Все прекрасное – ужасно, все ужасное – прекрасно. Этюды о художниках и живописи | страница 94



– Против?

– Не против.

А кто же против? (При условии, что шедевр как таковой не отменяет «иного» проекта, а интегрируется в него как частный случай.)

В рисунках – геройский труд. И даже пот. Пот в шедеврах не предусмотрен: здесь Вы – «герой труда». Впрочем, как и во всем остальном, ни на кого не похожий.

В перформансах – блистательный актер-колдун.

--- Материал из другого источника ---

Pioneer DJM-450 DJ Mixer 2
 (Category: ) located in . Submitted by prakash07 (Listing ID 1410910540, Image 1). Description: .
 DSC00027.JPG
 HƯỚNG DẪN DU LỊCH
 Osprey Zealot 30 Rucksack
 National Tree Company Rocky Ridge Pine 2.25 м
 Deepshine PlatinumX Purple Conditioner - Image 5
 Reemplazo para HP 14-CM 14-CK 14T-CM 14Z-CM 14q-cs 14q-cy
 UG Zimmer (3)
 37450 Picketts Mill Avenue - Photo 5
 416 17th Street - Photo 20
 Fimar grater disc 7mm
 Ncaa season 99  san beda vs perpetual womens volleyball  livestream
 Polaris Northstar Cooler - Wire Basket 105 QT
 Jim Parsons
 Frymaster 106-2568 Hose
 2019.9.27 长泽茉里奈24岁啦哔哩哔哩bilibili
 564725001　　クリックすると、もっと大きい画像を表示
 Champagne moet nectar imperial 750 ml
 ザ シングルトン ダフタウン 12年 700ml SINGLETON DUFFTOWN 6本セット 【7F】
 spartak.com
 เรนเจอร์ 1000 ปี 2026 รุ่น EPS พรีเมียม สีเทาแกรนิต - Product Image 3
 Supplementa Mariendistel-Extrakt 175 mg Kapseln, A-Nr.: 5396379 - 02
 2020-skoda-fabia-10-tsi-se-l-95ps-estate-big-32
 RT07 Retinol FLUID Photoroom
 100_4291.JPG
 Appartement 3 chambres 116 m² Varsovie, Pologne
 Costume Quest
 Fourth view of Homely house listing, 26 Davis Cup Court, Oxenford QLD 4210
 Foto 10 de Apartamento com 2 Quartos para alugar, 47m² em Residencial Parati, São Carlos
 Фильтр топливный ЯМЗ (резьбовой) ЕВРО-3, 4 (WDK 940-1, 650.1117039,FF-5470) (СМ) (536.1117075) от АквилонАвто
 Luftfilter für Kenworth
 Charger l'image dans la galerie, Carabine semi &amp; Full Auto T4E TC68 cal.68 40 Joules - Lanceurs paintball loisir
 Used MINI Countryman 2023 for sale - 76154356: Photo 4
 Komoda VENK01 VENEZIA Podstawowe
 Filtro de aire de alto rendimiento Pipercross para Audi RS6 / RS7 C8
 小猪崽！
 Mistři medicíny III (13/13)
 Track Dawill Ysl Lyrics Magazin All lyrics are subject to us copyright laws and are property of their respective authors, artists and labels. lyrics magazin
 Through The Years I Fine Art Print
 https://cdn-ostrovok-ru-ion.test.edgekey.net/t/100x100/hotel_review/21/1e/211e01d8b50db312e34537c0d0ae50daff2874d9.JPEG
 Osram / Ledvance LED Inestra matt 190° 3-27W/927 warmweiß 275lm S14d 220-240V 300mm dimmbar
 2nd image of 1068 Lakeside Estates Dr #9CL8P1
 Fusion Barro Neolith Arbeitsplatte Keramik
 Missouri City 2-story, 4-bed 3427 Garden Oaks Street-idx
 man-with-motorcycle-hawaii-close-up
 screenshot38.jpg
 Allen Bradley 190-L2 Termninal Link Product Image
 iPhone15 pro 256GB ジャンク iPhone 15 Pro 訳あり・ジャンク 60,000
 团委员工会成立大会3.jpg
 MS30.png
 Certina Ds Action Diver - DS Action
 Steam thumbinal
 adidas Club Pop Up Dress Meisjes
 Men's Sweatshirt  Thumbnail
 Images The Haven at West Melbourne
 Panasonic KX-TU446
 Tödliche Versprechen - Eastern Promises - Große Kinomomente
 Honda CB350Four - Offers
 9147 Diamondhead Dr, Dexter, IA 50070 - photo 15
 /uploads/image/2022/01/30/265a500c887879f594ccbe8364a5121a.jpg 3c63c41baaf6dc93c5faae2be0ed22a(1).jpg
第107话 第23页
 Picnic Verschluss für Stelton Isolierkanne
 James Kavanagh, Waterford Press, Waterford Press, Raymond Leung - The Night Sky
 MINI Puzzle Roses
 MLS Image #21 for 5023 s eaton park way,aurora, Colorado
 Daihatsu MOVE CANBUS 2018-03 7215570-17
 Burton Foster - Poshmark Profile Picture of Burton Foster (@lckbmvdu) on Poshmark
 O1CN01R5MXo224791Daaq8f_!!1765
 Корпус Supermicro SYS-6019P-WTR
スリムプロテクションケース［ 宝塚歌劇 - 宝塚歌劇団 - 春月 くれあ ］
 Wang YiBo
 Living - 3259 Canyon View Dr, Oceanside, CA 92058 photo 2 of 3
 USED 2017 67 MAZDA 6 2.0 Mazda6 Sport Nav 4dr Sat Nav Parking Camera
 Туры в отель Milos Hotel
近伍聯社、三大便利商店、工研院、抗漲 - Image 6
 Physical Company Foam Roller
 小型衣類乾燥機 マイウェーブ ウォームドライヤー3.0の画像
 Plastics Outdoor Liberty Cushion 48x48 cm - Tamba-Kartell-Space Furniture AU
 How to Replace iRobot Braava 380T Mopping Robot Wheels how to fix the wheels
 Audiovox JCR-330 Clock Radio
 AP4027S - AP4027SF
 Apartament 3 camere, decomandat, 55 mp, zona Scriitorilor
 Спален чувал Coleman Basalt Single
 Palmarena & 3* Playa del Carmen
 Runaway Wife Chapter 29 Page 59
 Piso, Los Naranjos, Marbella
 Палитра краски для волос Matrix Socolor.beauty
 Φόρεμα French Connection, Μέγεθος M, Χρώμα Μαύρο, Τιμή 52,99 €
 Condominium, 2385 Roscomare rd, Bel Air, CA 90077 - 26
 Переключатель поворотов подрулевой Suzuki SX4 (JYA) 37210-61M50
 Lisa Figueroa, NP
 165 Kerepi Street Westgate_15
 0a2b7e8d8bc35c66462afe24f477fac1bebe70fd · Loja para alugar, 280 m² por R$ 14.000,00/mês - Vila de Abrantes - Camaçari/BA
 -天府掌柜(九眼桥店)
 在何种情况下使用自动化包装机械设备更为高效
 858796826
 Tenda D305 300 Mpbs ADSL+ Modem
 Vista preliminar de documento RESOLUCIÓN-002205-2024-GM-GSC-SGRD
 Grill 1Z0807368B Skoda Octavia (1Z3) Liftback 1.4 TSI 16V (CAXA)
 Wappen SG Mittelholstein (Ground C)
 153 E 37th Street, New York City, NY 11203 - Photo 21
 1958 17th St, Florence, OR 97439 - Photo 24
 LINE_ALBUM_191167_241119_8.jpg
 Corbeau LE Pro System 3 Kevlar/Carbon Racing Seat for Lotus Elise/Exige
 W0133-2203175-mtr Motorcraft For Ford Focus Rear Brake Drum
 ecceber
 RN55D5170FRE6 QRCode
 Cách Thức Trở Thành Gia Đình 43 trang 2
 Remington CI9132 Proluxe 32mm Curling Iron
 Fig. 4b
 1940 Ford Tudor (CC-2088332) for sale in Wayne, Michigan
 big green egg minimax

Итак, Вы не только «милицанер», или не только «монстр», или не только «китайское»… Вы все сразу – проект «Дмитрий Александрович Пригов». Именно на этом настаивали. И именно этим в первую очередь интересны. Искусство было для Вас способом проживать жизнь. День за днем. Каждодневный подвиг. А подвиг длиною в жизнь называется подвижничеством.

* * *

Что скажете? Не слишком ли увлекся? Не слишком ли позолотил? Не все же человеческое Вам было чуждо. Отнюдь. Но почему-то об этом «человеческом» вспоминать не хочется.

* * *

Были ли у Вас враги? Были. Как же без них? Кое-кто даже замахивался осиновым колом. За Кикимору, за Евгения Онегина. Впрочем, всегда замахиваются на всяких там Бодлеров и Лотреамонов.

А у кого их нет? Врагов-то? Есть ли они у меня? Да: «Б», «Д», «ТТ» и еще «К»… Ну и «Х» с ними…

* * *

В юности я подписал первую работу, которую посчитал своей, «Гриша Брускин». Имя «Григорий» мне не нравилось. В то время я не ценил красоту греческих слогов: нейтрального «ГРИ», высокого «ГО» и сремящегося вниз «РИЙ». А Григорием Давидовичем меня совсем недавно стали называть мои молодые ассистенты. И я, как ни странно, не возражаю. Но первым стали величать по имени отчеству, конечно же, Вы, почтеннейший Дмитрий Александрович. Как, впрочем, и всех вокруг. Отметили дистанцию. Чтоб не приблизились слишком, не дотронулись, не оцарапали. Не повредили.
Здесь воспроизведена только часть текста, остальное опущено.